COLUMN TABLE "aa.forecast.db.data::CashFlows_extrapredictors" (
    "signal_time"               DATE CS_DAYDATE NOT NULL,
    "WorkingDaysIndices"        INTEGER CS_INT,
    "ReverseWorkingDaysIndices" INTEGER CS_INT,
    "MondayMonthInd"            INTEGER CS_INT,
    "TuesdayMonthInd"           INTEGER CS_INT,
    "WednesdayMonthInd"         INTEGER CS_INT,
    "ThursdayMonthInd"          INTEGER CS_INT,
    "FridayMonthInd"            INTEGER CS_INT,
    "BeforeLastMonday"          INTEGER CS_INT,
    "LastMonday"                INTEGER CS_INT,
    "BeforeLastTuesday"         INTEGER CS_INT,
    "LastTuesday"               INTEGER CS_INT,
    "BeforeLastWednesday"       INTEGER CS_INT,
    "LastWednesday"             INTEGER CS_INT,
    "BeforeLastThursday"        INTEGER CS_INT,
    "LastThursday"              INTEGER CS_INT,
    "BeforeLastFriday"          INTEGER CS_INT,
    "LastFriday"                INTEGER CS_INT,
    "Last5WDaysInd"             INTEGER CS_INT,
    "Last5WDays"                INTEGER CS_INT,
    "Last4WDaysInd"             INTEGER CS_INT,
    "Last4WDays"                INTEGER CS_INT,
    "LastWMonth"                INTEGER CS_INT,
    "BeforeLastWMonth"          INTEGER CS_INT,
    "signal_value"              DOUBLE CS_DOUBLE,
    PRIMARY KEY (
        "signal_time"
    )
);

Save the file using the save icon from the menu.

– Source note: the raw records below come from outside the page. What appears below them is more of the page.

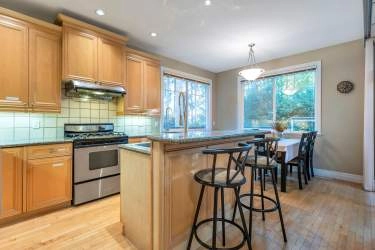 Open kitchen with three side window and eating area lead to sundeck in the yard.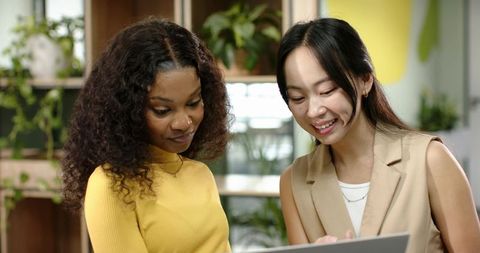 Diverse Businesswomen Collaborating Over Laptop in Modern Office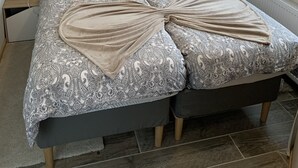 Un dormitorio con una cama grande, dos mesitas de noche, una ventana con cortinas y una obra de arte colgada en la pared.
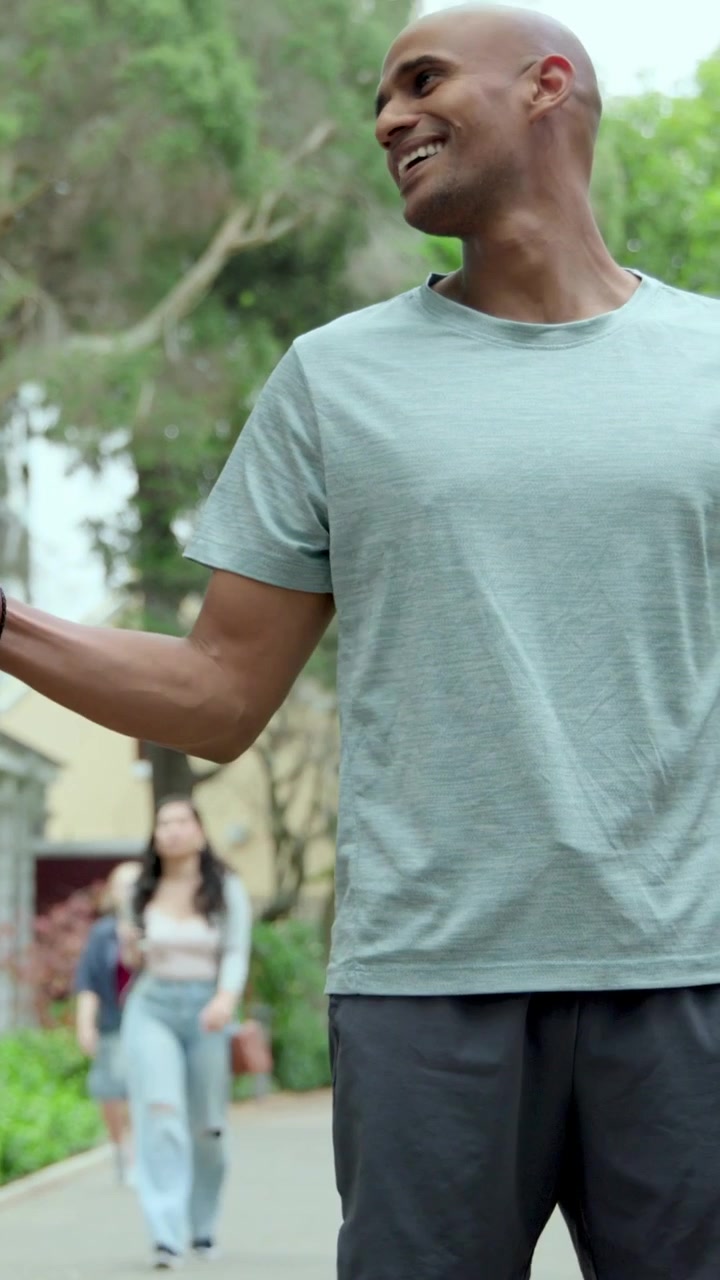 Video verticale: Corridore ansimante in pantaloncini che controlla lo smartwatch per il ritmo dopo aver superato il partner nel parco.
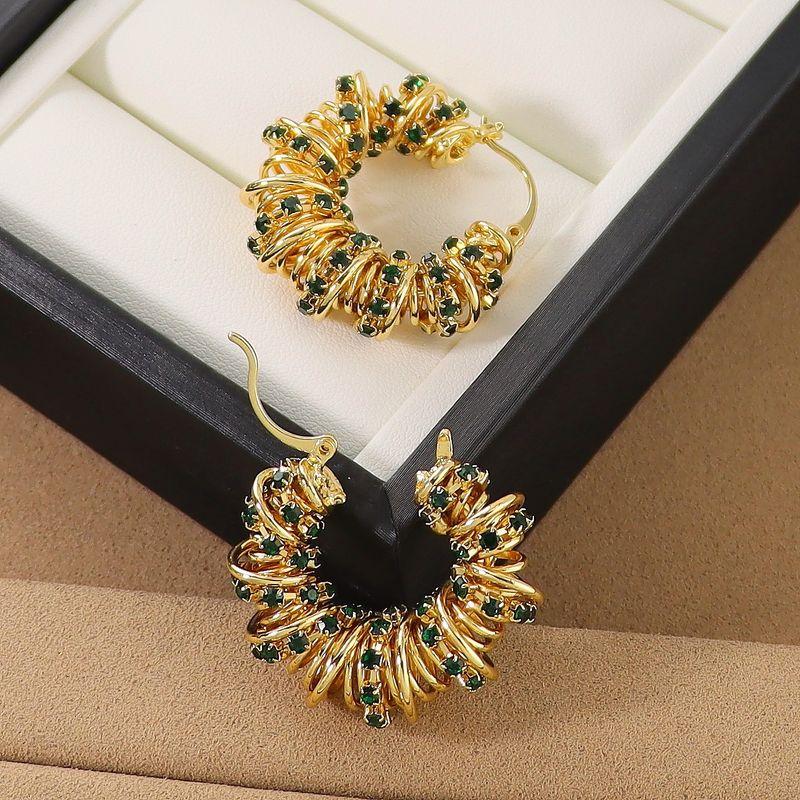 European and American Style Hollow Braided Twist Earrings with Emerald Zircon Wrapped Design Round Ear Hoops Vintage Niche Earrings Emerald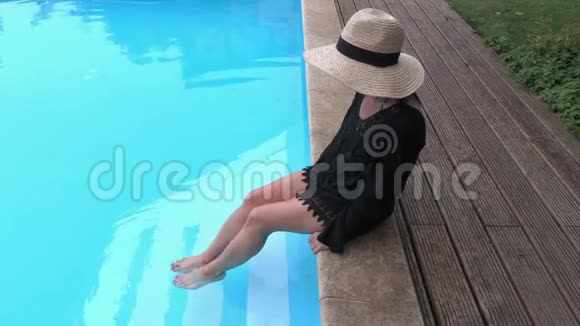 戴草帽的女人在游泳池边上放松视频的预览图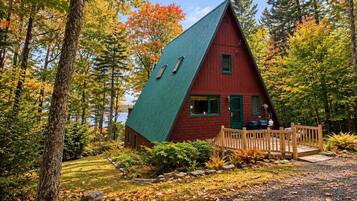 A red cabin with a green roof surrounded by trees and a wooden deck.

Create a new file named KxDesc_CashFlows_extrapredictors.hdbtable in the forecast/db/src/data folder.

This is the full path of the created file:

forecast/db/src/data/KxDesc_CashFlows_extrapredictors.hdbtable

Paste the following content:

COLUMN TABLE "aa.forecast.db.data::KxDesc_CashFlows_extrapredictors" (
    "RANK"          INTEGER CS_INT,
    "NAME"          VARCHAR(255),
    "STORAGE"       VARCHAR(20),
    "VALUETYPE"     VARCHAR(20),
    "KEYLEVEL"      INTEGER CS_INT,
    "ORDERLEVEL"    INTEGER CS_INT,
    "MISSINGSTRING" VARCHAR(255),
    "GROUPNAME"     VARCHAR(255),
    "DESCRIPTION"   VARCHAR(255),
    "OID"           VARCHAR(50),
    PRIMARY KEY (
        "RANK"
    )
);

Save the file using the save icon from the menu.

Lag 1 And Cycles

Create a new file named Lag1AndCycles.hdbtable in the forecast/db/src/data folder.

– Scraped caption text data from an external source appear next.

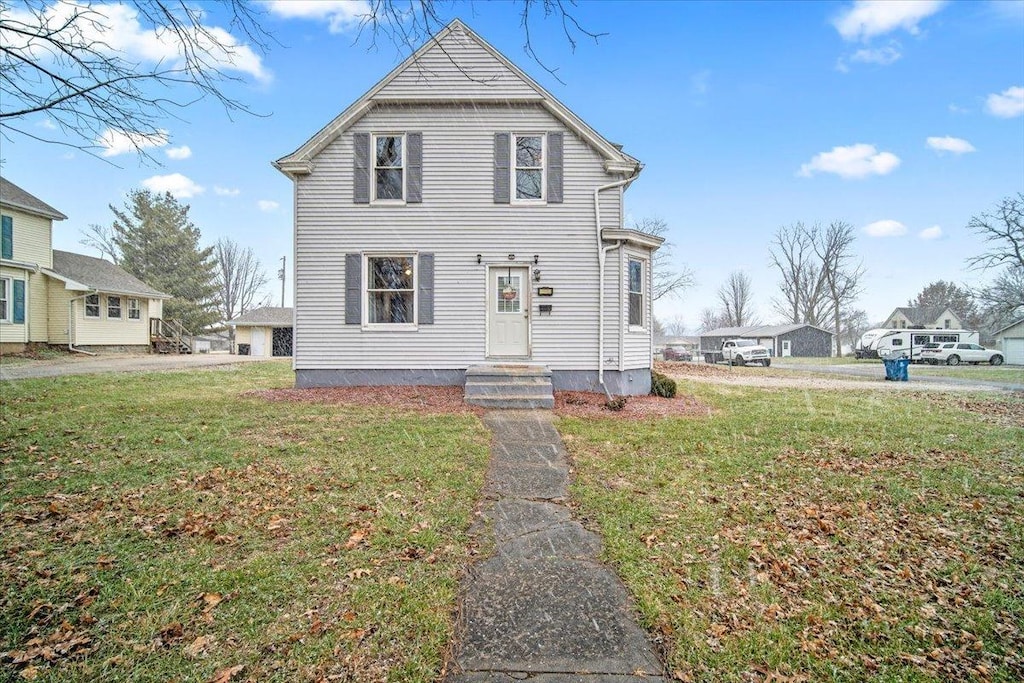 view of front of house featuring a front yard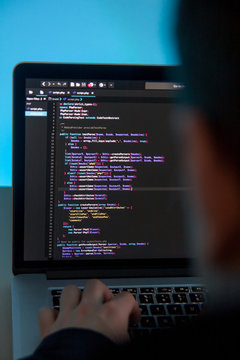Programmer working on laptop computer in office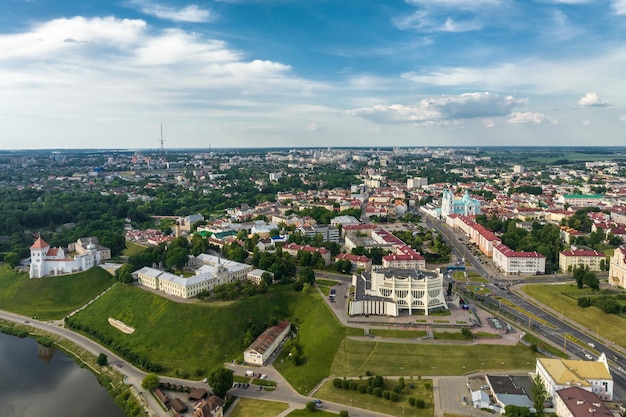 Aerial panoramic view from great height on red roofs of old big city with skyscrapers and white fluffy clouds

This is the full path of the created file:

forecast/db/src/data/Lag1AndCycles.hdbtable

Paste the following content:

COLUMN TABLE "aa.forecast.db.data::Lag1AndCycles" (
    "signal_time"  DATE CS_DAYDATE NOT NULL,
    "signal_value" DOUBLE CS_DOUBLE,
    PRIMARY KEY (
        "signal_time"
    )
);

Save the file using the save icon from the menu.

Create a new file named Lag1AndCyclesAndWn.hdbtable in the forecast/db/src/data folder.

This is the full path of the created file:

forecast/db/src/data/Lag1AndCyclesAndWn.hdbtable

Paste the following content:

COLUMN TABLE "aa.forecast.db.data::Lag1AndCyclesAndWn" (
    "signal_time"  DATE CS_DAYDATE NOT NULL,
    "signal_value" DOUBLE CS_DOUBLE,
    PRIMARY KEY (
        "signal_time"
    )
);

Save the file using the save icon from the menu.

Ozone

Create a new file named Ozone.hdbtable in the forecast/db/src/data folder.

This is the full path of the created file:

forecast/db/src/data/Ozone.hdbtable

Paste the following content:

COLUMN TABLE "aa.forecast.db.data::Ozone"(
    "signal_time"  DATE CS_DAYDATE NOT NULL,
    "signal_value" DOUBLE CS_DOUBLE,
    PRIMARY KEY (
        "signal_time"
    )
);

Save the file using the save icon from the menu.

Trend And Cycles

Create a new file named TrendAndCyclic.hdbtable in the forecast/db/src/data folder.

This is the full path of the created file:

forecast/db/src/data/TrendAndCyclic.hdbtable

Paste the following content:

COLUMN TABLE "aa.forecast.db.data::TrendAndCyclic"(
    "signal_time"  DATE CS_DAYDATE NOT NULL,
    "signal_value" DOUBLE CS_DOUBLE,
    PRIMARY KEY (
        "signal_time"
    )
);

Save the file using the save icon from the menu.

Create a new file named TrendAndCyclicAndWn.hdbtable in the forecast/db/src/data folder.

This is the full path of the created file:

forecast/db/src/data/TrendAndCyclicAndWn.hdbtable

Paste the following content:

COLUMN TABLE "aa.forecast.db.data::TrendAndCyclicAndWn"(
    "signal_time"  DATE CS_DAYDATE NOT NULL,
    "signal_value" DOUBLE CS_DOUBLE,
    PRIMARY KEY (
        "signal_time"
    )
);

Save the file using the save icon from the menu.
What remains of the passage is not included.